= Charles Abdy Marcon =

English clergyman (1853–1953)

Charles Abdy Marcon (22 September 1853 – 7 February 1953) was an English clergyman, Master of Marcon's Hall, a private hall of Oxford University, from 1891 to 1918, then from 1918 Vicar of Kennington in south London.

==Early life==
Marcon was the third son of the Rev. Walter Marcon, Rector of Edgefield, Norfolk, a first-class cricketer who in his youth had played for Eton and Oxford. Born at Edgefield, he was educated at Gresham's School, Holt, and Charsley's Hall, Oxford, matriculating on 14 January 1874 at the age of twenty and graduating BA in 1878, MA in 1882.

==Career==
Marcon was ordained a deacon of the Church of England in 1886 and served as curate of South Hinksey, Berkshire, from 1886 until 1899. In 1891 he took over as Master of Charsley's Hall, Oxford from William Henry Charsley, reopening it as Marcon's Hall in 1892. He remained as Master until 1918.

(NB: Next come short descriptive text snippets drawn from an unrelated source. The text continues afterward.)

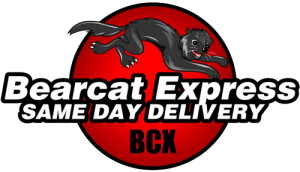 The Bearcat Express Logo | Same-Day Courier Delivery serving Augusta GA, Athens GA and Atlanta GA
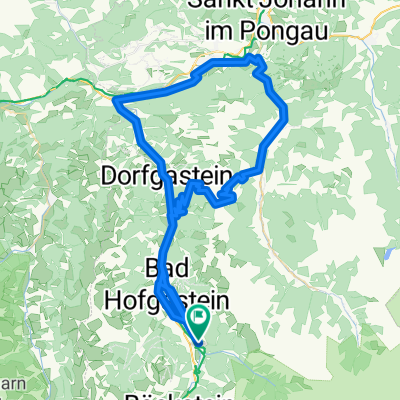 Badbruck - Alpendorf - Fulseck - Badbruck (BH)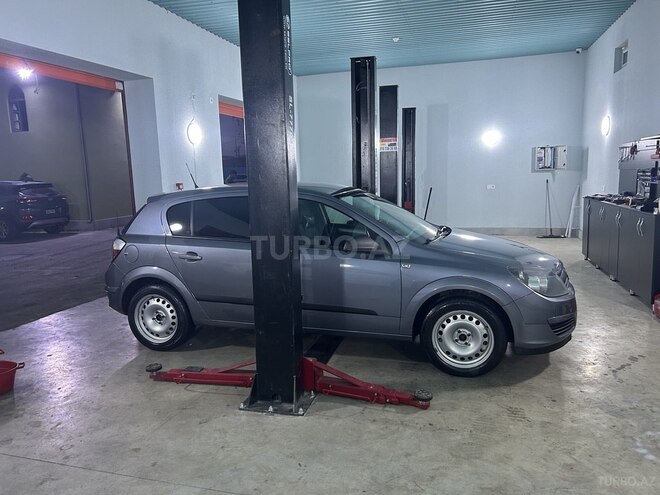 Opel Astra 2004, 295,320 km - 1.4 l - Sumqayıt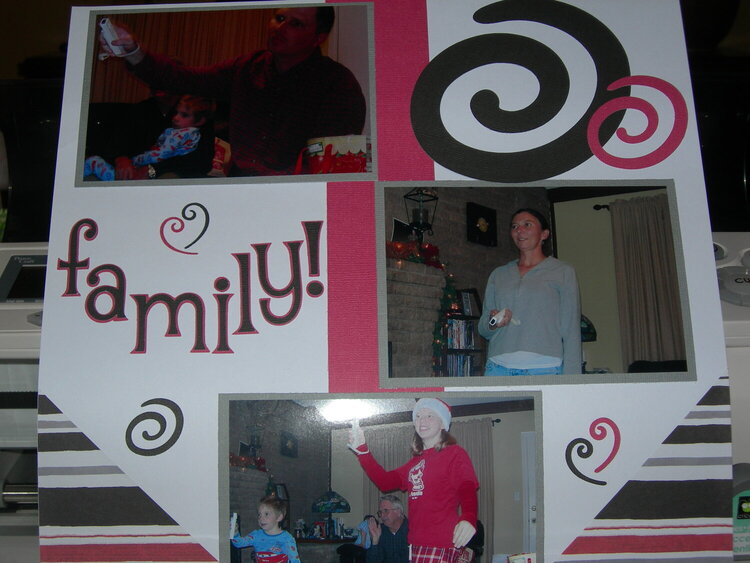 Wii are family!  pg2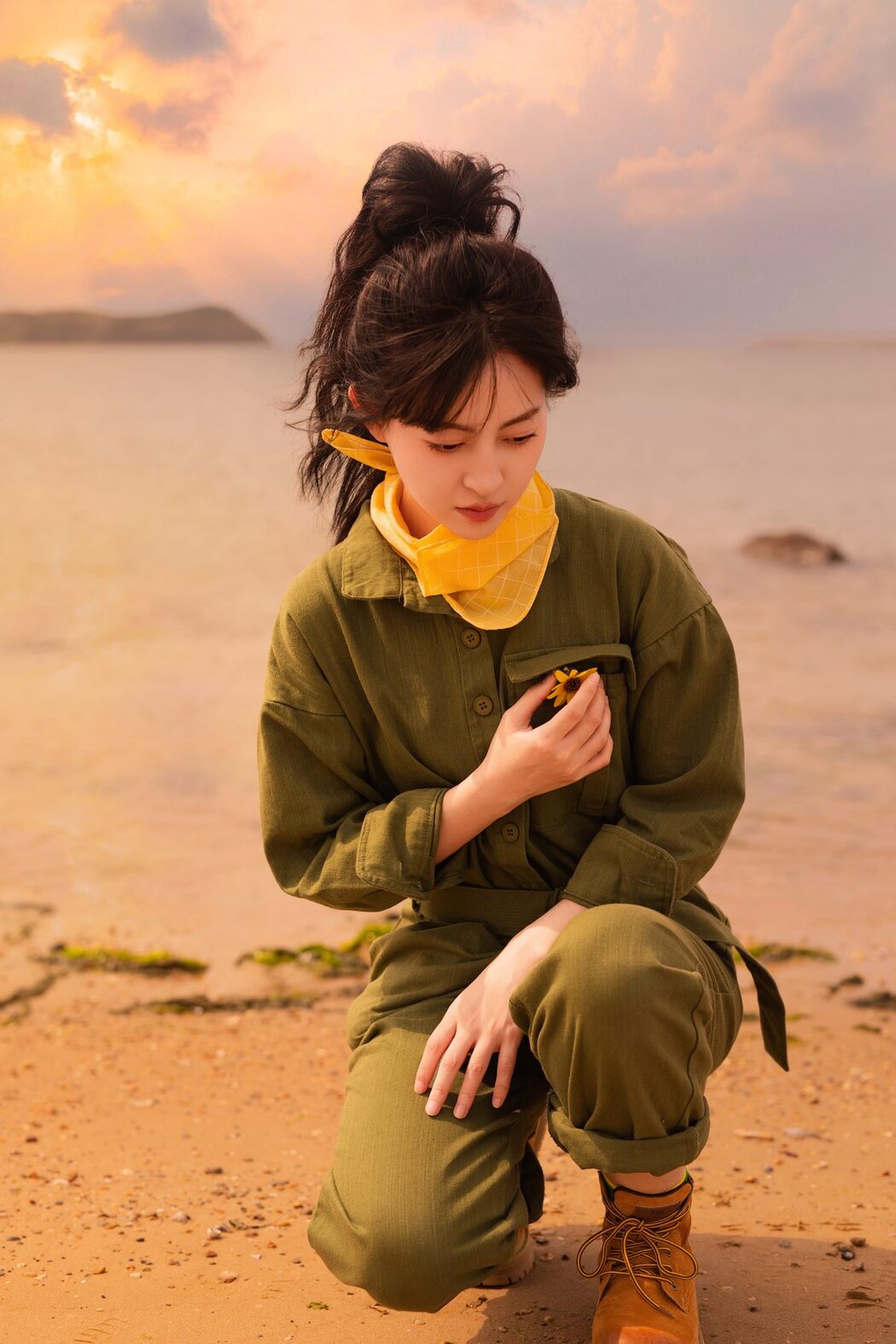 YiTuYu艺图语 Vol.5731 Yi Xuan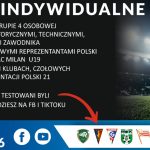 TRENING INDYWIDUALNY. ZAPRASZAMY!!!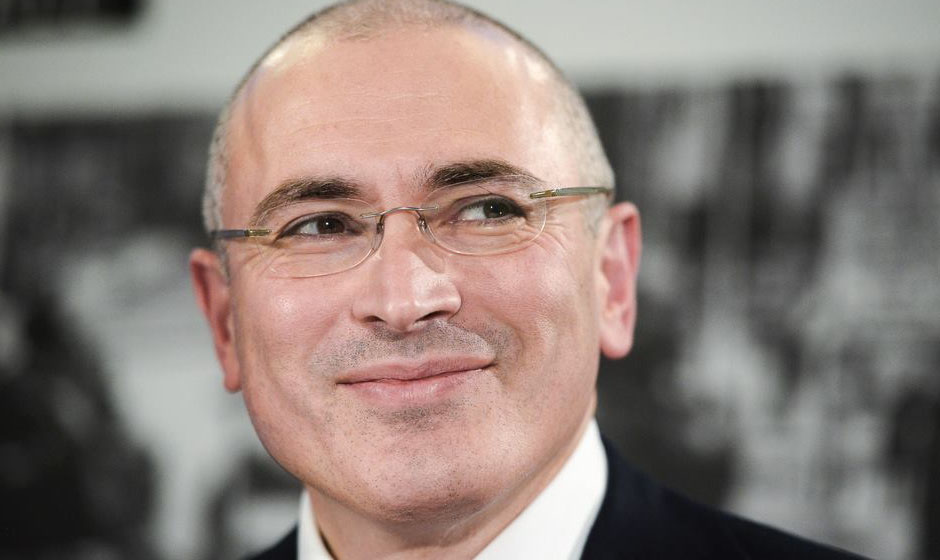 Mikhail Khodorokovsky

In 1892 Marcon was admitted as a senior member of St Mary Hall and was ordained a priest in 1895. In 1903 he was elected to Oriel and in 1909 was appointed as chaplain of H. M. Prison Oxford.

On giving up Marcon's Hall in 1918 he took up a Church of England benefice as Vicar of Kennington.

==Private life==
On 18 September 1884, at St Philip's Church, Norwich, Marcon married Sophia Wyndham Winter, the elder daughter of J. J. Winter JP of Heigham House, Norwich, and they had one son, Charles Sholto Wyndham Marcon (1890–1959), and two daughters, including Constance Margaret Marcon. Their son, known as Sholto Marcon, was an international hockey player who won an Olympic Gold medal representing Great Britain at the 1920 Summer Olympics.

In Who's Who Marcon gave his recreations as golf, hockey, lawn tennis, and bicycling.

On 18 September 1934, Mr and Mrs Charles Abdy Marcon celebrated their golden wedding anniversary. They were then living at 256, Iffley Road, Oxford.

In 1947 Marcon attended a luncheon in Oxford to inaugurate the Friends of Pusey House and was welcomed by the Principal of Pusey House as one who had known Dr Edward Pusey (1800–1882).